Pochi soldi, pochi volontari e nessuna sede: la Polha lancia un grido d’allarme
La presidente della storica società sportiva per disabili varesina richiama l'attenzione sui problemi alla vigilia della nuova stagione
A ottobre parte la nuova stagione sportiva della Polha, gloriosa associazione sportiva per disabili, attiva da ventidue anni sul territorio varesino. E’ il momento di tirare le somme, di contare gli atleti e i volontari disponibili. Quest’anno, come spesso accade, i problemi sono molteplici: «Gli atleti sono tanti – dice la presidente Daniela Colonna Preti – circa un centinaio. Ad oggi abbiamo 30 volontari accreditati, ce ne mancano almeno 7, se possibile automuniti, per poter fornire un buon servizio a tutti i ragazzi, soprattutto agli atleti del tennis tavolo, agli utenti della palestra e ai giocatori di hockey su ghiaccio».
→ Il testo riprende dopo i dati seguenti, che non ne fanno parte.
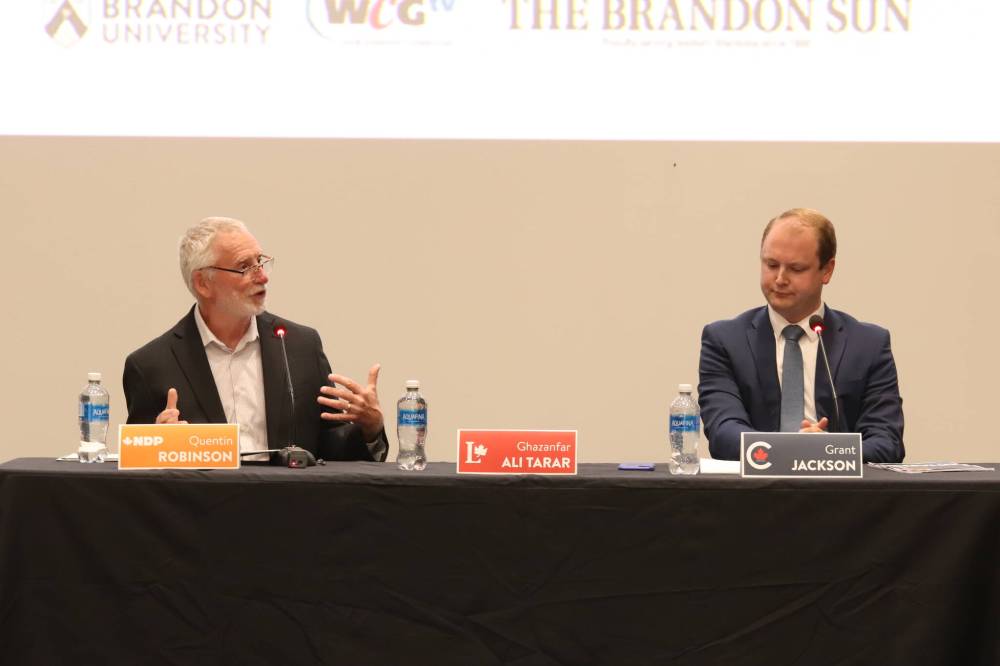 Brandon-Souris NDP candidate Quentin Robinson (left) makes a point while Conservative candidate Grant Jackson listens during the all-candidates’ debate at Brandon University on Wednesday. A place was kept for Liberal candidate Ghazanfar Ali Tarar, but he did not attend, citing a family medical emergency. (Liam Pattison/The Brandon Sun)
Quello della ricerca di nuovi volontari non è però l’unico problema. Manca infatti ancora una sede e i fondi sono pochi: «Sono 23 anni che ne aspettiamo una definitiva. Io sono in carica dal 1993 – prosegue la presidente Colonna Preti – ho fatto presente il problema in comune, ma non ho mai ottenuto una risposta definitiva. Caccianiga conosce il problema, ma sembra che le priorità siano altre. La sede legale da troppo tempo è casa mia. Il materiale dei ragazzi è da me, i mezzi di trasporto anche. Io non ho più una vita sociale, ma il problema non sono io: i ragazzi hanno il diritto di avere una sede dove potersi incontrare e socializzare. Altre province, e non parlo di regioni a statuto speciale, hanno donato pulmini e mezzi di trasporto. Noi dobbiamo fare i salti mortali per avere piccolissimi aiuti. Quest’anno gli introiti sono stati quasi nulli, i soldi arrivano solo se si organizzano eventi o se si fa sport a livello agonistico: una cosa che a me sembra assurda. Però offriamo comunque un servizio che senza di noi non ci sarebbe. Gli sponsor ci aiutano, è vero: abbiamo comprato il pulmino nuovo, quello vecchio si è rotto a Orvieto durante la trasferta ai campionati di atletica. Ma non bastano e le istituzioni sono sorde alle nostre richieste».